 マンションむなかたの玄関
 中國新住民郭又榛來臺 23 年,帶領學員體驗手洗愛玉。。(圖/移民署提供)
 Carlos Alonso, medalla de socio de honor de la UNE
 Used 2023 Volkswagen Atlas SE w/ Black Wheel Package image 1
---
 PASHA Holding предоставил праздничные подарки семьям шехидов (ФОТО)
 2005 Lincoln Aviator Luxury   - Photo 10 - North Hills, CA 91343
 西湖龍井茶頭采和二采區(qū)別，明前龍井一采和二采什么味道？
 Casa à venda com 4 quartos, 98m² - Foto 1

**What you will do:** From the listing above, the lines starting with the one that has "2005 Lincoln Aviator" and running through the one that has "Casa à venda com 4 quartos, 98m² - Foto 1" should be copied exactly, ends included.

**Solution to the exercise:**
 2005 Lincoln Aviator Luxury   - Photo 10 - North Hills, CA 91343
 西湖龍井茶頭采和二采區(qū)別，明前龍井一采和二采什么味道？
 Casa à venda com 4 quartos, 98m² - Foto 1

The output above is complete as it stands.